# RECORD EXCERPTS

++++++++++

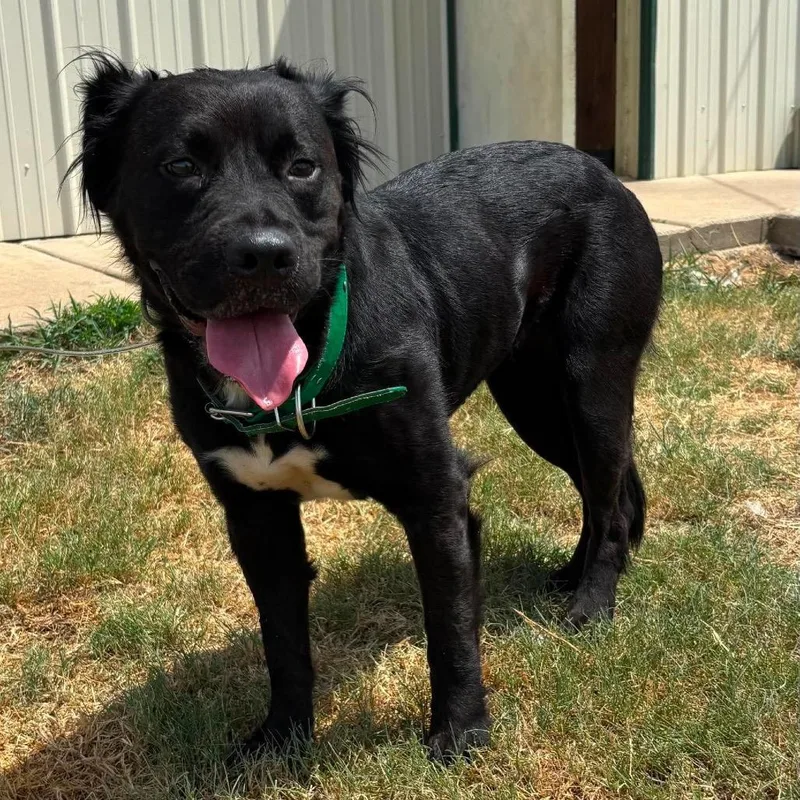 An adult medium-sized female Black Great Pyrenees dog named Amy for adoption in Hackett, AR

++++++++++

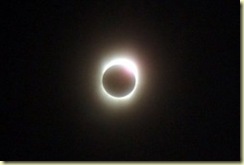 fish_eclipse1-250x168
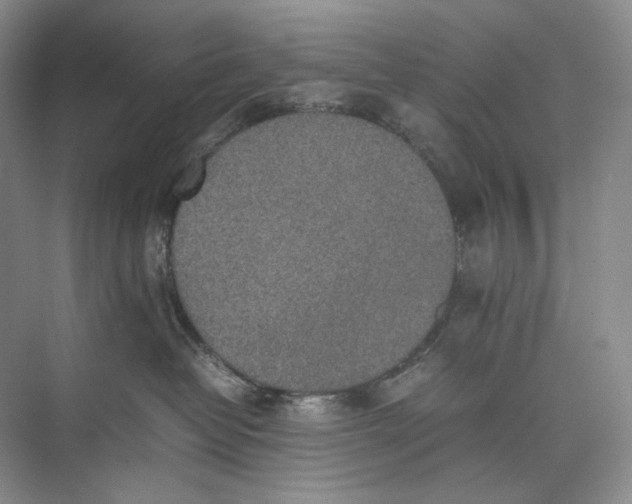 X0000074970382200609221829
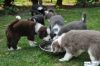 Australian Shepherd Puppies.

++++++++++

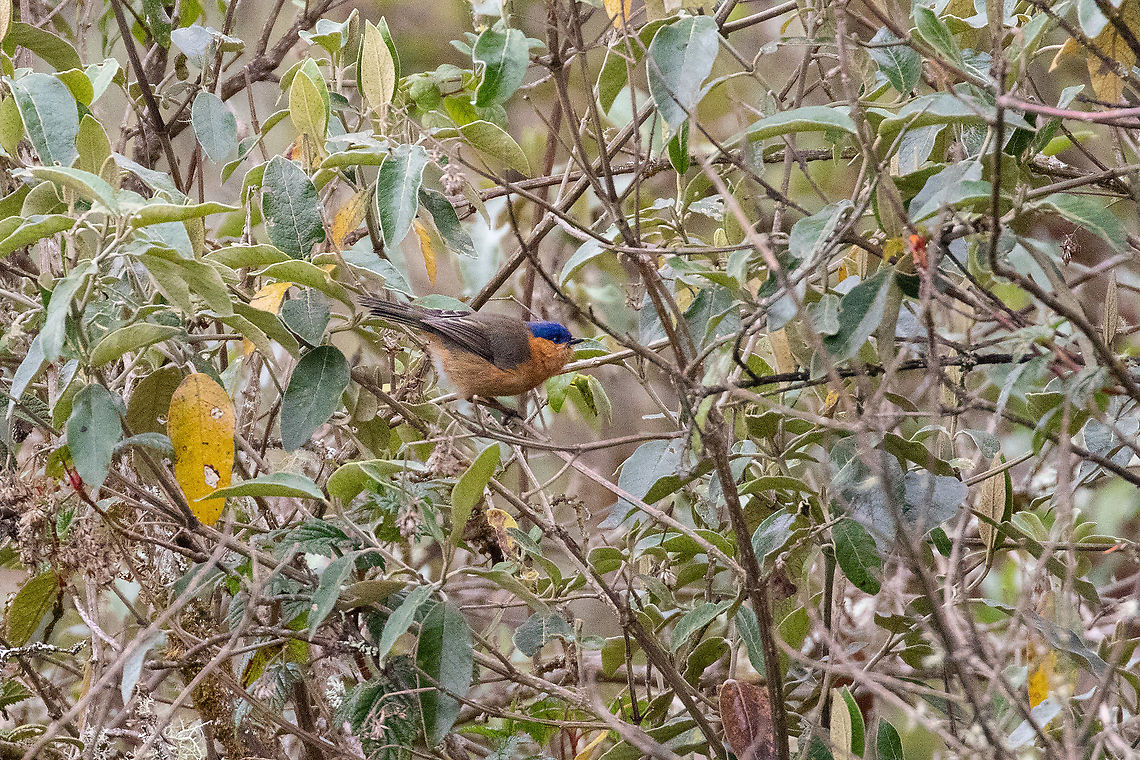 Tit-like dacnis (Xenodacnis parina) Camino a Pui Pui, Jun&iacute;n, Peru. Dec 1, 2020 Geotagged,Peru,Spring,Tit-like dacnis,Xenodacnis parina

++++++++++

From the data above, return exactly the lines from the one with "X0000074970382200609221829" up to and including the one with "Australian Shepherd Puppies.". Pictures do not go in the copy.

 X0000074970382200609221829
 Australian Shepherd Puppies.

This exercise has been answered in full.